Hospitals meeting the CM-V&O for mortality in 2010 had a lower risk-adjusted mortality, than hospitals that did not meet the CM-V&O in 2010, but the difference was not statistically significant (3.3 vs 3.9%, n.s.) [Table 4]. Hospitals that met the V-O measure in 2010 had a higher, rather than lower, risk-adjusted mortality in 2011. The CM-V&O detected 2 of 3 hospitals which performed significantly worse than average in 2011 (these hospitals did not meet the CM-V&O in 2010), while none of the other measures detected any of the significantly worse than average hospitals in 2011 (data not shown).
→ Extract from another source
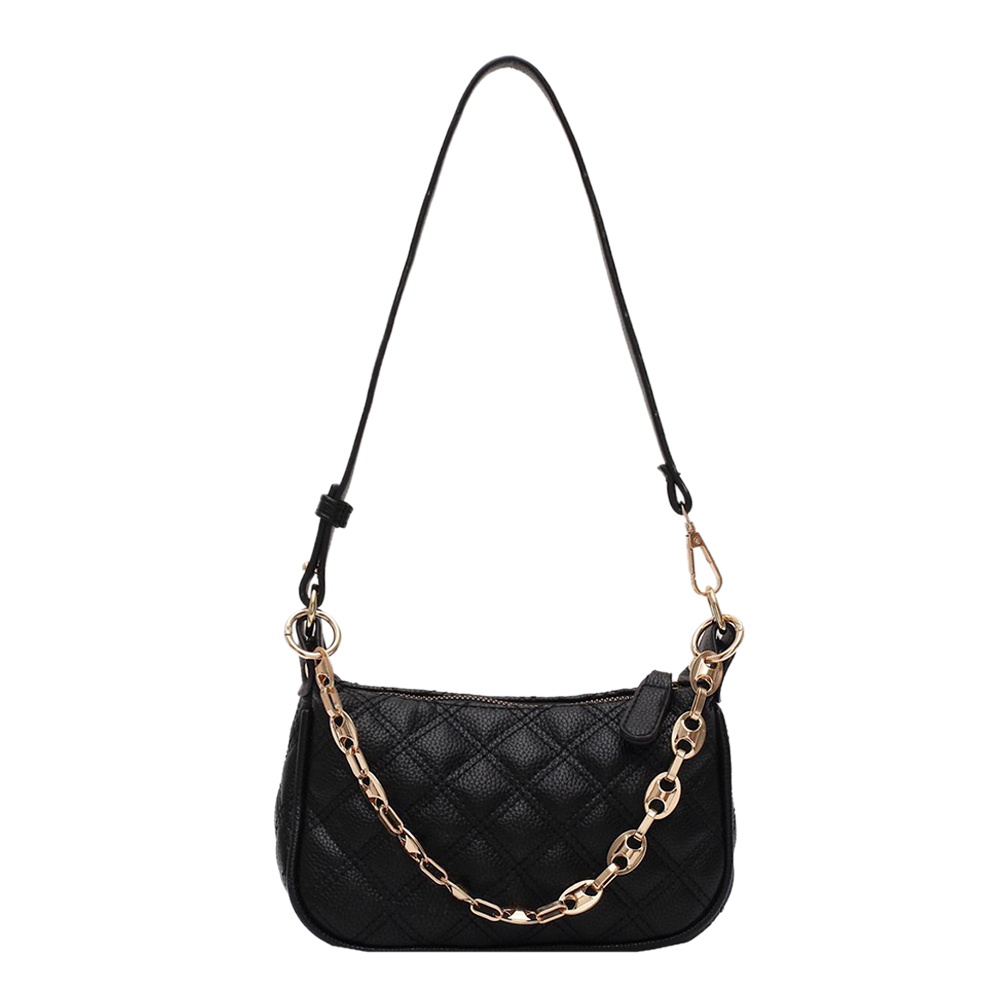 

Chain Crossbody Bag Lattice Pattern PU Casual Shoulder Underarm Pouch, Yellow, 501 Original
For morbidity, hospitals meeting the CM-V&O in 2010 had a significantly lower risk-adjusted morbidity in 2011 (19.8 vs 22.8%, p<0.05), [Table 4] while this effect was not found for the O-O or V-O measure. The CM-V&O detected 3 out of 4 hospitals that were significantly worse than average in 2011, while the O-O measure detected only one, and the V-O measure detected none of the significantly worse than average hospitals in 2011 (data not shown).

Table 4. Verification: Outcomes in 2011 of hospitals meeting the different measures in 2010.
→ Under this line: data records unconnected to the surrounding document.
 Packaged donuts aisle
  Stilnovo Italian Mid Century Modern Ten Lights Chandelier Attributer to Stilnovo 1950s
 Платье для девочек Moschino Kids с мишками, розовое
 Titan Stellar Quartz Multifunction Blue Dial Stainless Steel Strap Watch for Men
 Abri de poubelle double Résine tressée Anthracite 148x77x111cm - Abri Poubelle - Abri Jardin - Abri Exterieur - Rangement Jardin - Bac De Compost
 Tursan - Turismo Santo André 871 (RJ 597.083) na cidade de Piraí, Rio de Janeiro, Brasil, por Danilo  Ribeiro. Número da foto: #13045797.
Mortality 2010 O/E Mortality 2011 (CI95%) Mortality 2011 (riskadjusted)
Outcome <2 2010 Yes (82) 0.98 (0.88–1.09) 3.6%
No (7) 1.36 (0.93–1.98) 5.0%
Volume >50 in 2010 Yes (80) 1.01 (0.90–1.12) 3.7%
No (9) 0.89 (0.59–1.35) 3.3%
CM-V&O 2 2010 Yes (21) 0.89 (0.72–1.10) 3.3%
No (68) 1.04 (0.92–1.18) 3.9%
CM-V&O 3 2010 Yes (56) 0.98 (0.80–1.19) 3.6%
No (33) 1.01 (0.89–1.15) 3.7%
Morbidity 2010 O/E Morbidity 2011 (CI95%) Morbidity 2011 (riskadjusted)
Outcome <1.5 Yes (84) 0.99 (0.95–1.04) 21.3%
No (5) 1.18 (0.99–1.41) 25.5%
Volume >50 Yes (80) 1.00 (0.96–1.05) 21.6%
No (9) 0.94 (0.78–1.14) 20.3%
CM-V&O 1.5 * Yes (47) 0.92 (0.89–1.00) 19.8%
No (42) 1.06 (1.01–1.14) 22.8%
CM-V&O 2 * Yes (74) 0.97 (0.92–1.02) 20.8%
No (15) 1.16 (1.05–1.28) 25.0%

CM-V&O =  combined measure for volume and outcome.
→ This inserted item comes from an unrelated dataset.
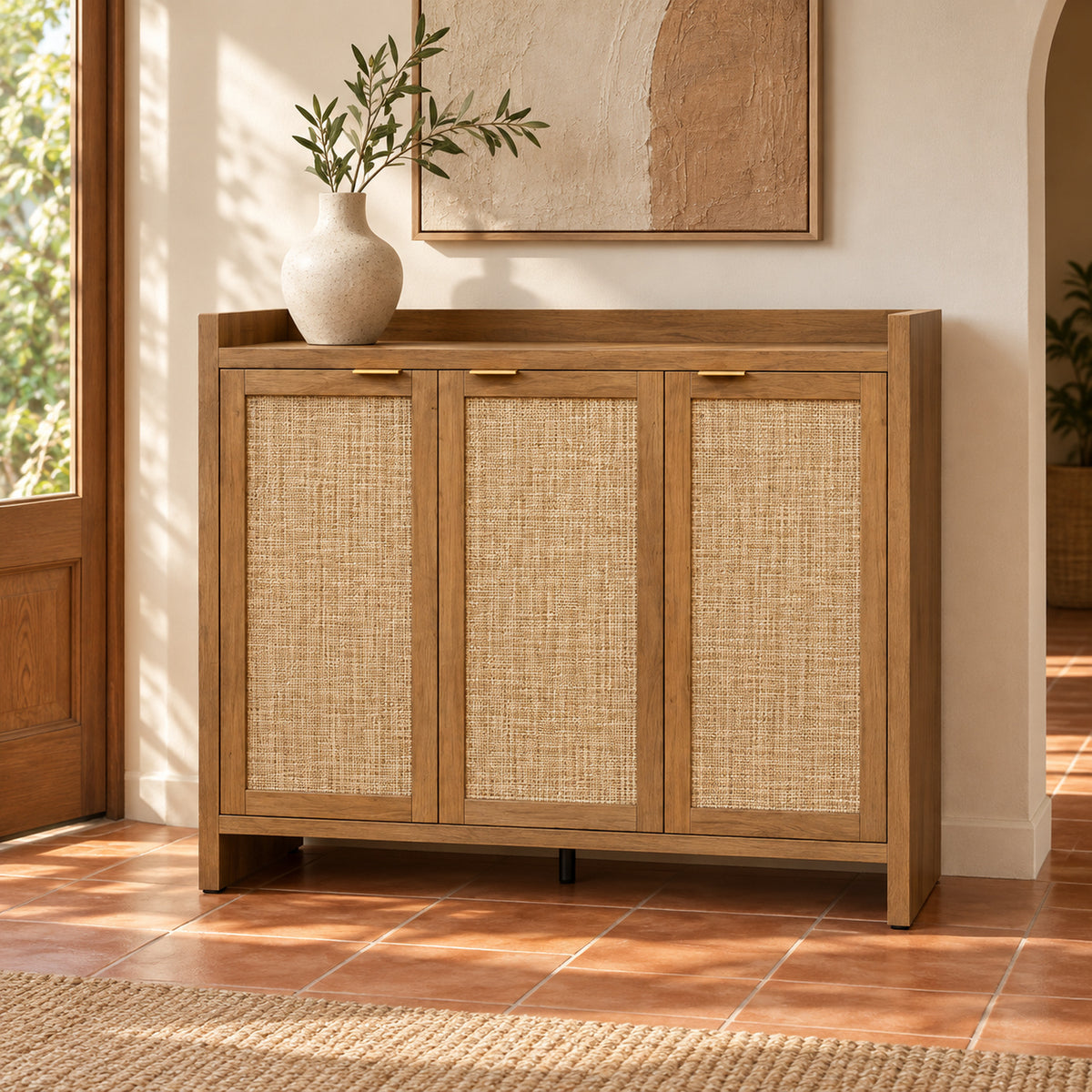 StylishGarments Rattan-Door Shoe Cabinet in Caramel Oak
O/E =  Observed/Expected outcome ratio.

CI95% = 95% confidence interval around the O/E ratio.

* P<0.05.

Discussion

In the present study we propose and test a (risk-adjusted) combined measure of volume and outcome to assess the quality of care provided by hospitals. Hospitals that meet this quality measure have not only demonstrably good health care outcomes, but had sufficient annual numbers to demonstrate that their results are not just a ‘lucky streak’, but a manifestation of consistently good underlying quality of care. We demonstrated in the verification population that hospitals meeting the CM-V&O for morbidity had a significantly lower morbidity in the following year. A similar trend was found for mortality; however this did not reach statistical significance. Both the ‘volume only’ and ‘outcome only’ measure did not identify the hospitals with better outcomes the following year. Also, the CM-V&O performed better in detecting hospitals that performed significantly worse than average the next year.

The advantage of our study is that all analyses were performed on large, reliable databases, containing almost nine thousand patients per year from 89 hospitals. However, this also illustrates that such calculations can only be performed if outcome registration is excellent and relevant case-mix factors are included. Fortunately, increasing awareness of the need for quality assurance has led to an increasing dedication to reliable outcome registration by means of National Clinical Audits. In the Netherlands, the first Clinical Audit, the DSCA was initiated in 2009. Although participation, completeness and validity were overwhelmingly good after only one year of registration, the availability of weekly online feedback data on hospital performances was relatively new in the two years described in this study. In three years after the introduction of clinical auditing, a significant improvement in various process and outcome measures was observed, while variation in hospital performances decreased. [11] These improvements may have interfered with the results of our study as hospitals with substandard outcomes may have felt a greater incentive for improvement of these outcomes, reducing the possible differences in outcome in 2011 between hospitals that did and did not meet the different measures. Possibly, when this selective quality improvement would not have taken place, hospitals meeting the CM-V&O in 2010 would also have had a lower risk adjusted mortality rate in 2011.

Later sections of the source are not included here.